Atheists Want Boy Scout Program to Lose Its Divinity
I am inundated, as I foresaw, by letters on whether the Boy Scouts has the right to exclude atheists from membership.
They are about equally for and against.
Ordinarily I avoid such transcendental questions, but, like the issue of whether imperfect children should be killed at birth, it has been raised, and I feel obliged to follow through.
At the outset I merely characterized as absurd the Orange County Boy Scout Council’s denial of Cub Scout membership to two 9-year-old brothers who declined to sign the required “promise” that they would serve God.

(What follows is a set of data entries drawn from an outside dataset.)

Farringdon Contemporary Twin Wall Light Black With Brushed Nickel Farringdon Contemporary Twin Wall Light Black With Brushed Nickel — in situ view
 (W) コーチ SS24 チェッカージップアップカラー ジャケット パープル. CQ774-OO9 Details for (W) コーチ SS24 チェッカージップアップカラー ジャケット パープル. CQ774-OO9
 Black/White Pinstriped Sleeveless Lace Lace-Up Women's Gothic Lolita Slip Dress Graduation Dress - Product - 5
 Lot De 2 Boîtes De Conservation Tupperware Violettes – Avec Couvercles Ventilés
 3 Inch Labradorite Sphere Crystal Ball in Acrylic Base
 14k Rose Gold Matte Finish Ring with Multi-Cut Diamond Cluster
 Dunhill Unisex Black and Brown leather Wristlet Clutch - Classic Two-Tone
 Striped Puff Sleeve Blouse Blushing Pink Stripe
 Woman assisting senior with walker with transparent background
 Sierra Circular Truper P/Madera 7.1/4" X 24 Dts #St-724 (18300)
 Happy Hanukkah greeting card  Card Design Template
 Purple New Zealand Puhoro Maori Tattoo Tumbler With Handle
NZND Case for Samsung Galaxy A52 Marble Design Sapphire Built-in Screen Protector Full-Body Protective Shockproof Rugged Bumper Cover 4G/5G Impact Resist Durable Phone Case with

The boys went to court and obtained a Superior Court preliminary injunction against the Scouts, but an appellate court stayed the order, and the Scouts announced that the boys were out. The case remains unresolved.
James Grafton Randall, father of the two boys, applauds my sentiment in their favor, but advises me that they are not atheists--they are agnostics. (An atheist does not believe in God; an agnostic doesn’t know, and doesn’t believe we can know.) Evidently both are an anathema to the Orange County Boy Scout Council.
“None of us are rash enough to say we do not believe in ‘god’,” says Randall, “until someone can provide a rational definition of one, which the Boy Scouts refuse to do.” (Meanwhile Randall, a lawyer, has been fired from his job.)
The debate seems to center on my notion that freedom of religion implies freedom from religion as well.
“No!” writes Rick Hatch of Wilmington. “It absolutely does not and cannot!” He follows this with an extensive argument that this idea has “struck fear into the hearts of religious Christians,” and threatens to make them “the most discriminated-against segment of our society.”
Evidently he fears that freedom from religion would inhibit Christians from expressing and spreading their views. No, it simply means that I don’t have to profess them myself.
“What is absurd, Mr. Smith,” writes W. R. Butler of Bakersfield, “is that anyone not believing in a God would want to join an organization whose very existence is based on the premise that there is a God. . . .”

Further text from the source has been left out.